PyPI Python Test License DOI

xarray extension for typed DataArray and Dataset creation

Overview

xarray-dataclasses is a Python package that makes it easy to create typed DataArray and Dataset objects of xarray using the Python's dataclass.

from dataclasses import dataclass
from typing import Literal
from xarray_dataclasses import AsDataArray, Coord, Data


X = Literal["x"]
Y = Literal["y"]


@dataclass
class Image(AsDataArray):
    """Specs for a monochromatic image."""

    data: Data[tuple[X, Y], float]
    x: Coord[X, int] = 0
    y: Coord[Y, int] = 0


# create an image as DataArray
image = Image.new([[0, 1], [2, 3]], x=[0, 1], y=[0, 1])

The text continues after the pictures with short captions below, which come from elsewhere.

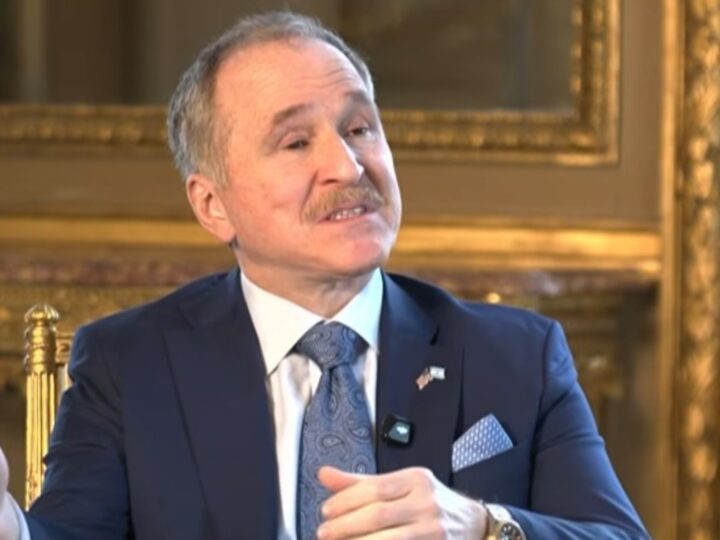 El embajador Lamelas habló sobre la posición de Estados Unidos en la cuestión Malvinas y prometió visas para argentinos antes de dejar su misión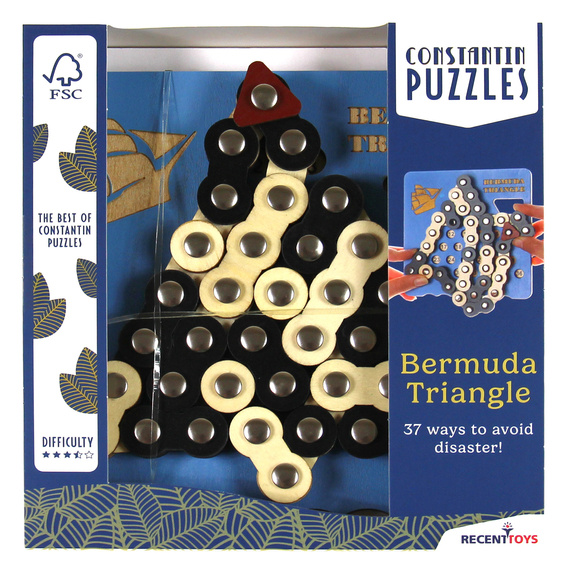 Bermuda Triangle - łamigłówka Recent Toys - poziom 3,5/5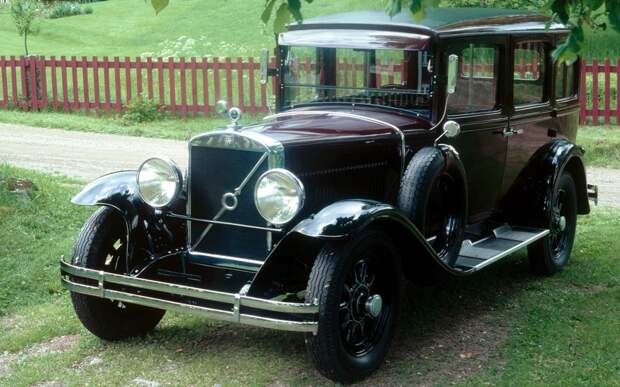 1930-1935. Volvo - TR671 авто, история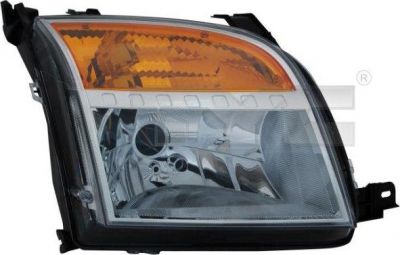 TYC 20-12184-06-2 основная фара на FORD FUSION (JU_)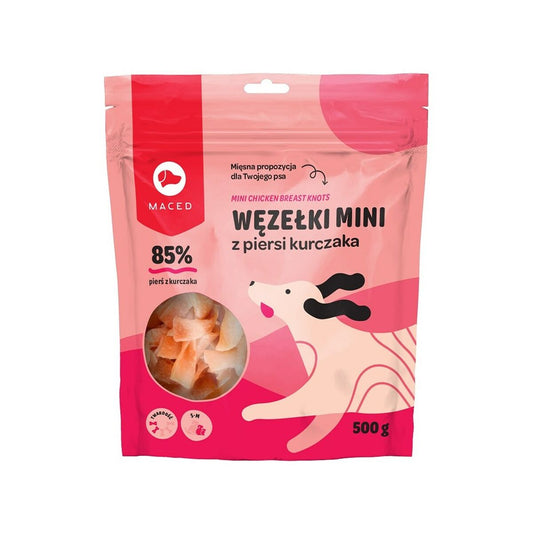 Snack per Cani Maced Mini Pollo 500 g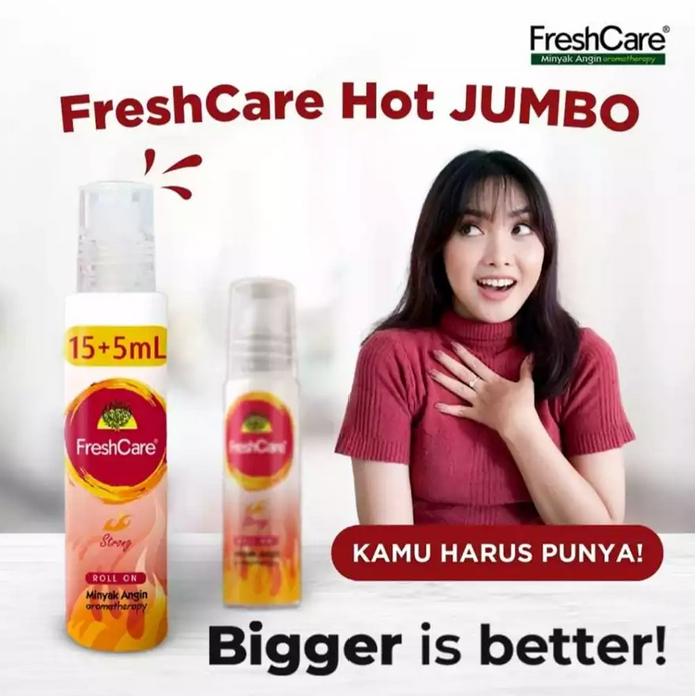 Freshcare 15+5ml STRONG Jumbo Size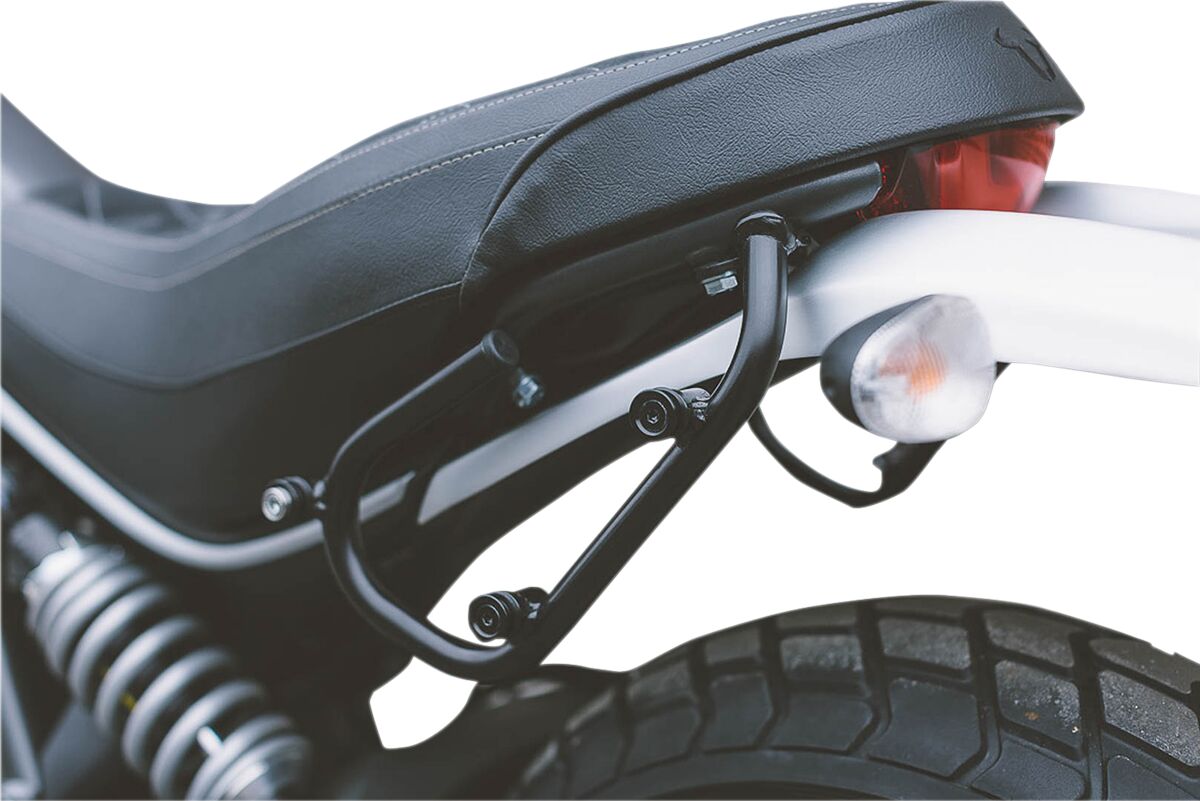 SW-MOTECH SIDE CARRIER SLC RIGHT BLACK Ducati Scrambler models HTA.22.577.11003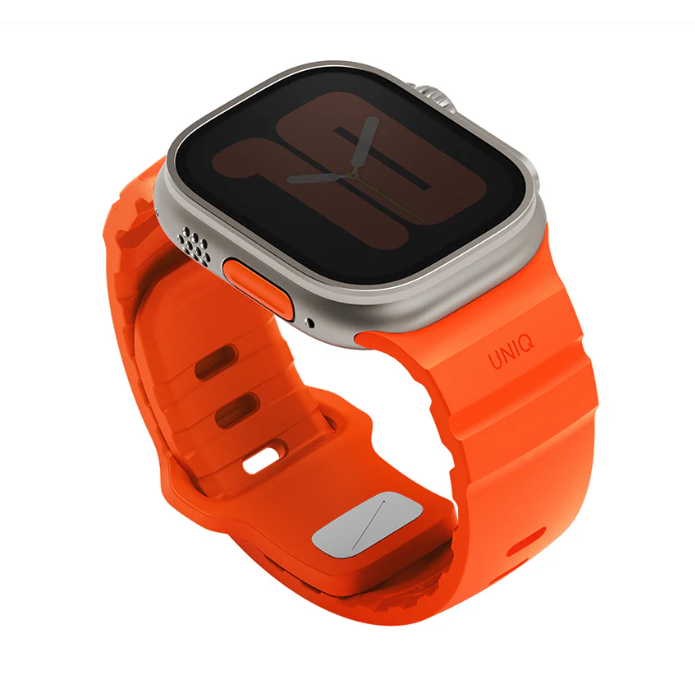 UNIQ 新加坡 Alton Apple Watch 防水矽膠雙色錶帶-細節圖6
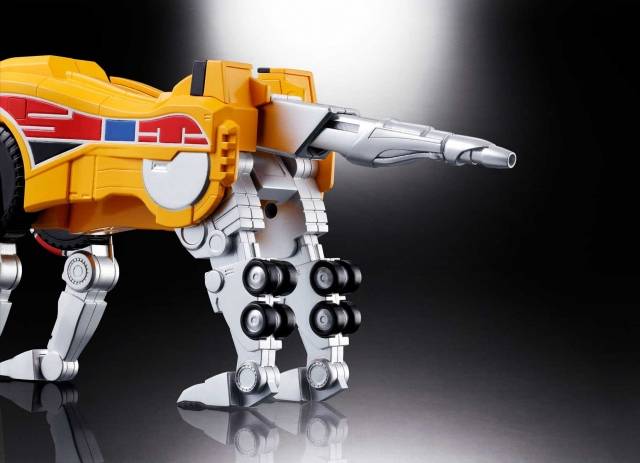 GX-72 Megazord | Bandai Tamashii Nations Soul of Chogokin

# create an image filled with ones
ones = Image.ones((2, 2), x=[0, 1], y=[0, 1])

Features

  • DataArray and Dataset objects with fixed dimensions, data type, and coordinates can easily be created.
  • NumPy-like special functions such as ones() are provided as class methods.
  • Compatible with the Python's dataclass.
  • Compatible with static type check by Pyright.

Installation

$ pip install xarray-dataclasses

Background

xarray is useful for handling labeled multi-dimensional data, but it is a bit troublesome to create DataArray and Dataset objects with fixed dimensions, data type, or coordinates (typed DataArray and typed Dataset). For example, let us think about the following DataArray specifications for a monochromatic image.

  • Dimensions of data must be ("x", "y").
  • Data type of data must be float.
  • Data type of dimensions must be int.
  • Default value of dimensions must be 0.

Then a function to create a typed DataArray object is something like this.

import numpy as np
import xarray as xr


def create_image(data, x=0, y=0):
    """Create a monochromatic image."""
    data = np.array(data)

    if x == 0:
        x = np.full(data.shape[0], x)
    else:
        x = np.array(x)

    if y == 0:
        y = np.full(data.shape[1], y)
    else:
        y = np.array(y)

    return xr.DataArray(
        data=data.astype(float),
        dims=("x", "y"),
        coords={
            "x": ("x", x.astype(int)),
            "y": ("y", y.astype(int)),
        },
    )


image = create_image([[0, 1], [2, 3]])

The issues are

  • It is not easy to figure out the specifications from the code.
  • It is not easy to reuse the code, for example, to add new coordinates.

xarray-dataclasses resolves them by defining the specifications as a dataclass. As shown in the code in the overview, the specifications become much easier to read.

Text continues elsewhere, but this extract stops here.